Kieran contemplated the line of reefs; presently he leaned over the taffrail and stared down at the whirling propeller; from the screws his gaze shifted to the whirling water above and about them, and thence to the tow in their wake. He put his head to one side, studied the spectacle of the straining hawser and the wallowing barge on the end of it, as if it were a mysterious problem.
"Oh-h, shucks!" He sighed and came suddenly out of his reverie, looked up at the sky, turned wearily inboard, and sat himself on one of the towing bitts.
The passenger, from the other towing bitt, asked what it was.
"I was just thinking that some of us are tied to the end of a string, just like that barge, and we don't know it any more than she does, and no more able to help ourselves than she can--sometimes."
"I never looked at a towing barge in that light before," said the passenger, and lit a cigar. He made no offer of one to Kieran, because he had before this learned that Kieran never smoked.
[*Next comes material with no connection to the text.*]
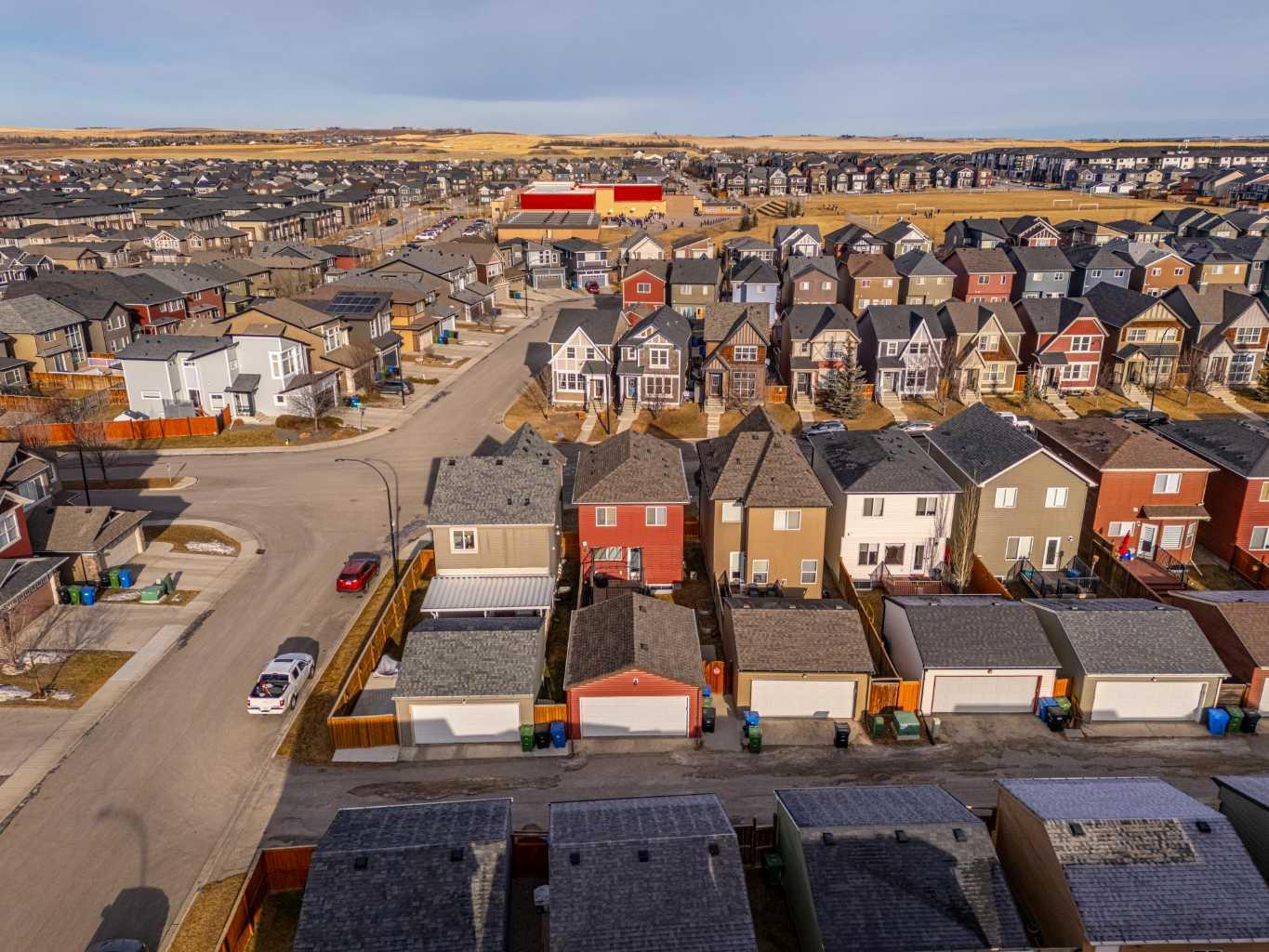 MLS #A2280839 image #32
The ship rolled, the barge yawed, the reefs kept sliding by. The passenger stole a look at the pump-man, and ventured: "Kieran, there used to be, a few years ago, a sprinter, pole-vaulter, and jumper, competing under the name of Campbell in the Hibernian and Caledonian games up north, and you're a ringer for him."
Kieran glanced sidewise at the passenger. "You must have been in athletics yourself--seems to me I've seen you somewhere too."
"Maybe. My name's Benson."
"I remember--a sprinter. And a good one, too."